We realize we have yet to mention the singers who were uniformly excellent in their acting as well as singing. Tenor Ian Koziara made a sympathetic "underdog" and we truly felt for him. Poor Agathe was portrayed by soprano Summer Hassan who excelled at being the tortured bride-to-be, anxious about Max and the upcoming wedding. The scene in which her bridesmaids come to help her with her toilette was a marvel.
We loved soprano Jana McIntyre as her cousin Ännchen; she had quite a lot to sing and sang it well. We enjoyed the contrast between Agathe's heavy hearted singing and Ännchen's cheerful singing. Von Weber's vocal lines and rhythms beautifully limned each character.
The manipulative Kaspar was powerfully sung and acted by bass-baritone Derrell Acon. Baritone Quentin Oliver Lee sang the role of the Governor, and also that of one of the locals named Kilian. Sheriff Kuno was portrayed with strength by bass Kevin McGuire.
We were happy to see bass Eric Delagrange in a role at the end that puzzled us. As deus ex machina, he is supposed to be a holy hermit but in this iteration he seemed threatening. We are going to have to think about that issue for awhile.
The female chorus was superb, comprising Emily Donato, Jessica Harika, Claire Leyden, and Siobhan Sung. No less superb were the men: Phillip Bullock, Michael Celentano, Cory Gross, Patrick Lord-Remmert, and Anthony McGlaun.
The set by Sara Brown was remarkable. The Rose Nagelberg Theater was converted into a small town with the audience on three sides, making us feel very much a part of the action and therefore complicit. A house was constructed in one corner with shades that rolled up, giving us a view of the action inside. Wolf Canyon was created with "smoke and mirrors", a miracle of lighting by Oliver Wason. Beth Goldenberg's costumes were on point.

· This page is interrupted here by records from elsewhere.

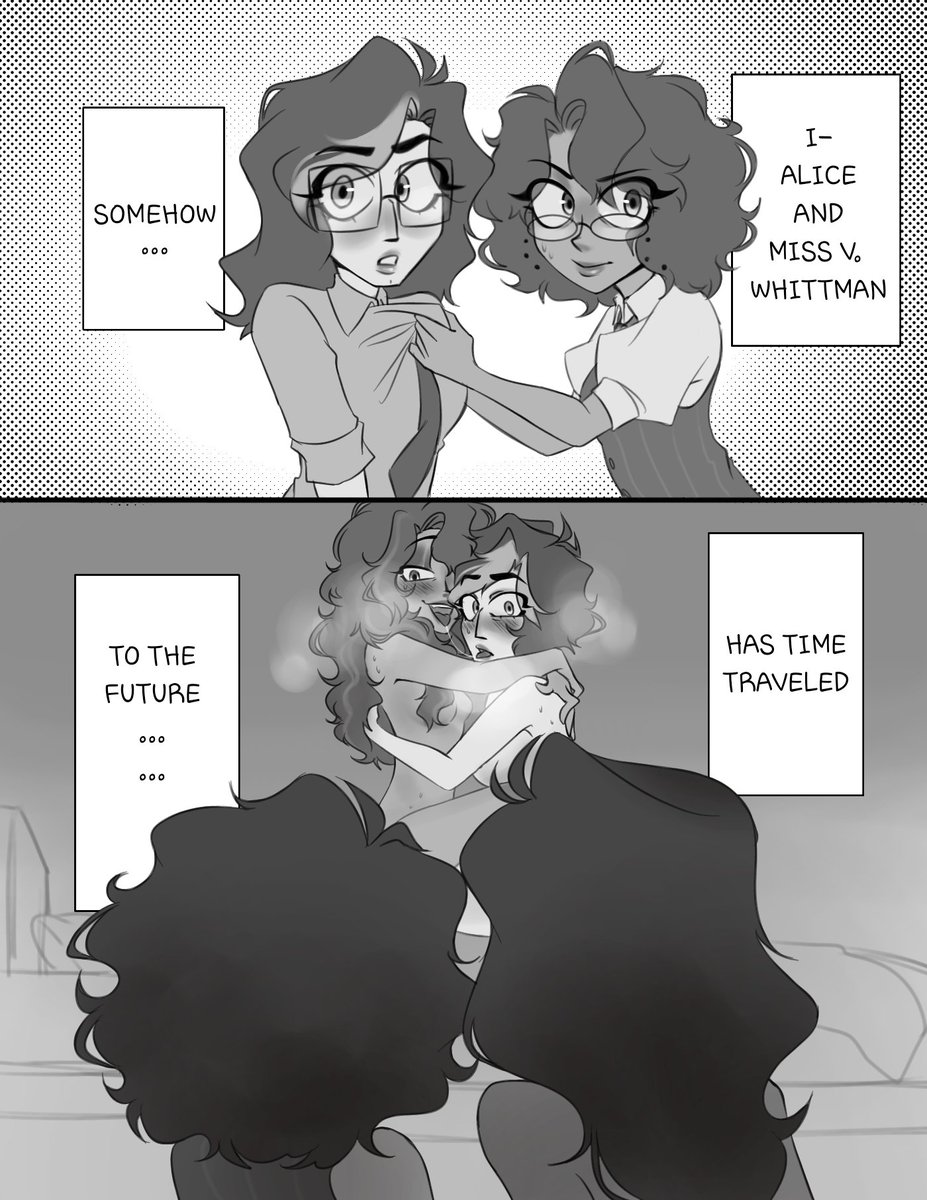 mirii🍮 tweet media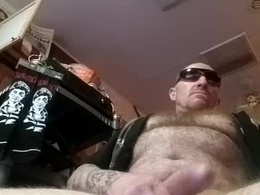 Most Recent Photo of act_right_dub420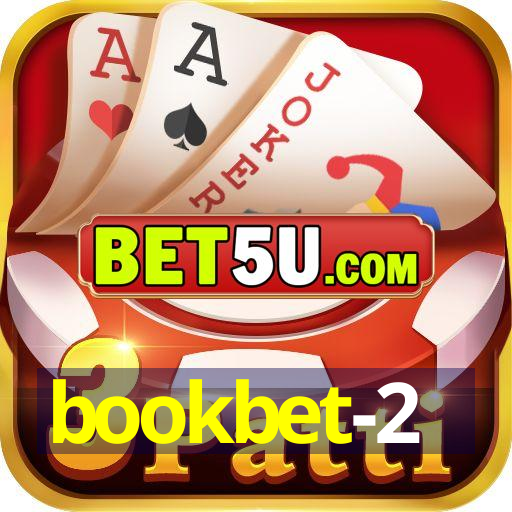 bookbet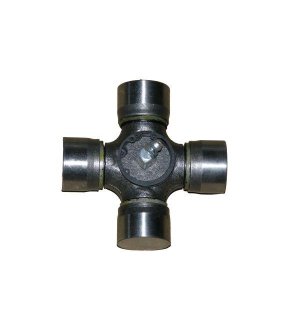 Krzyżak przedniego napędu 04388572 DEUTZ-FAHR 30,17X92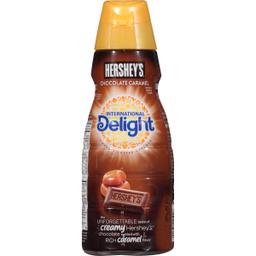 Product thumb gallery 1652909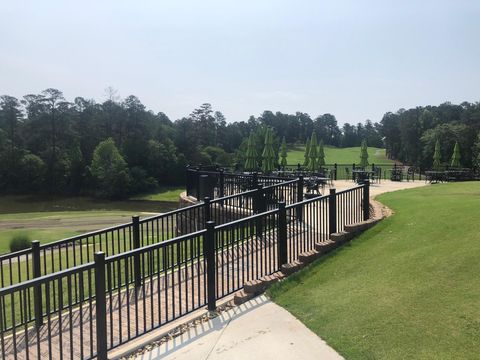 Tiny photo for 405 Sawgrass Cv, McCormick, SC 29835 (MLS # 543253)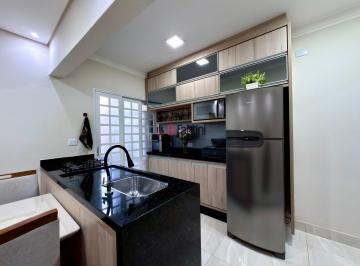 IMG_7913.jpg · Casa com 4 dormitórios à venda, 200m² por R$ 620.000,00 - Jardim São Camilo - Santa Bárbara D'Oeste/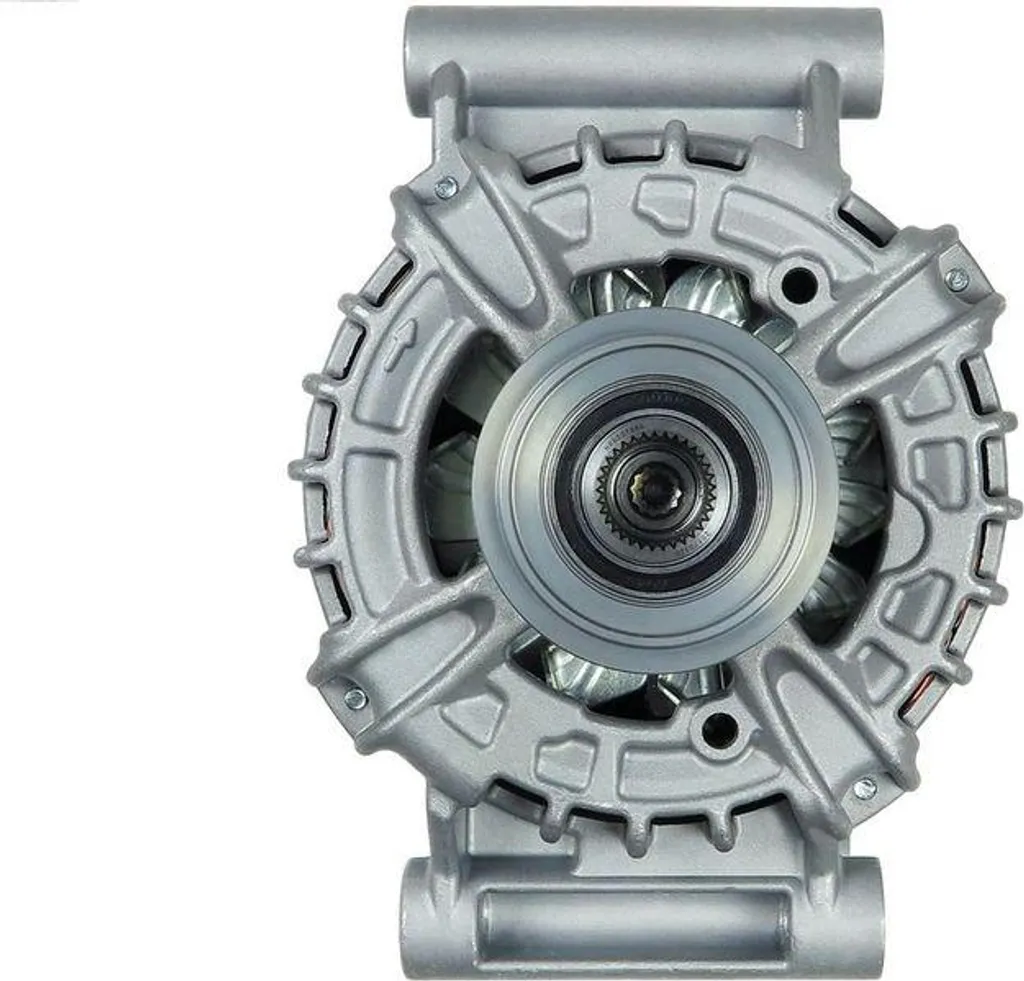 Alternateur pour Ford Ranger et Transit moteur 2.2 3.2 TDCi 150A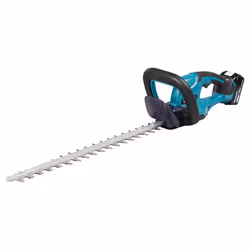 MAKITA.NOÅ»YCE DO Å»YW. 18V DUH507F001 500mm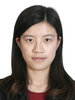 MicrosoftSenior Product ManagerLu Zhang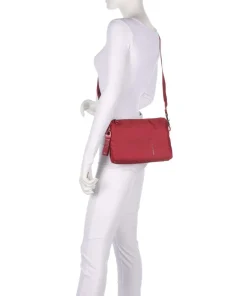Mandarina Duck Crossbody Bags-MD20 Crossbody bag polyester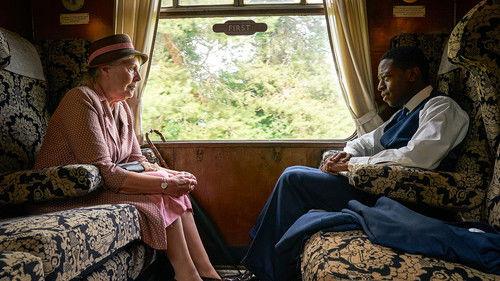 undefined Season 1 Episode 1 - Episode 1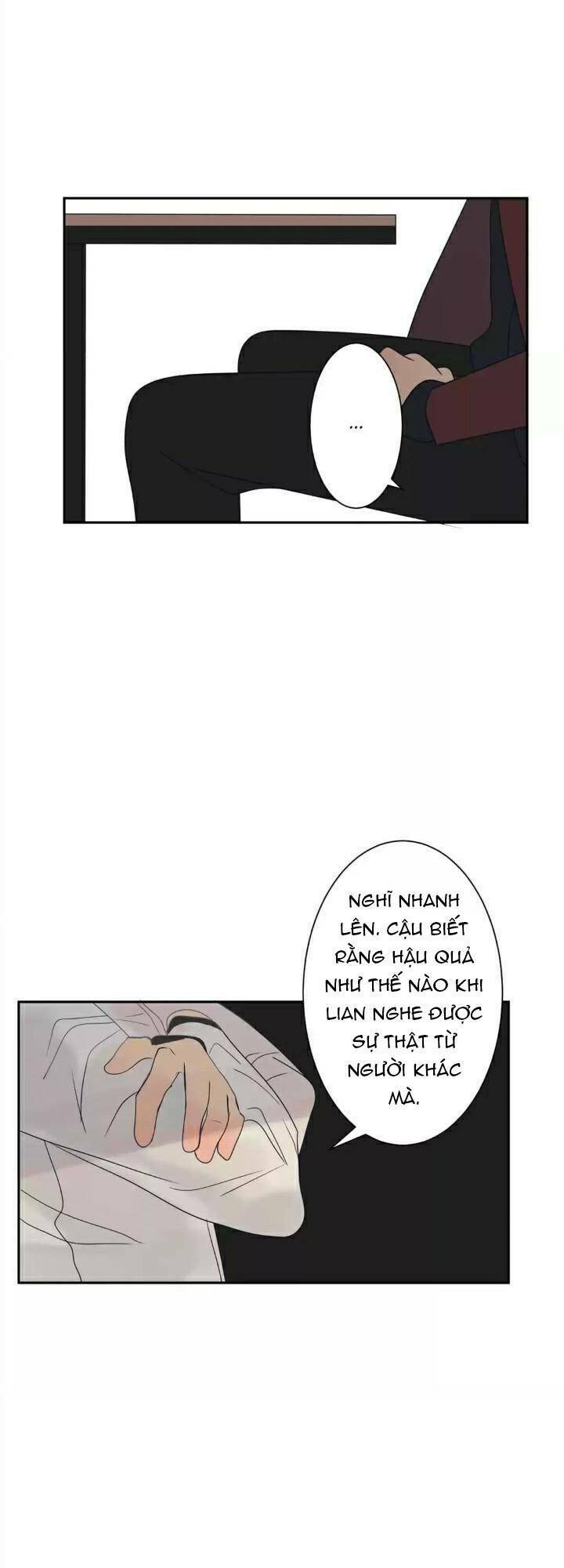 Chương 13 - Trang 4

The amount of creativity that went into this provocative production impressed us enormously but what really mattered was the effect the production had on us, since it related so deeply to contemporary issues: military PTSD, gun culture, toxic masculinity, superstition, etc.
We were so affected by it that we plan to return to hear the other cast and to sit on the other side to get a different perspective and perhaps some additional insights.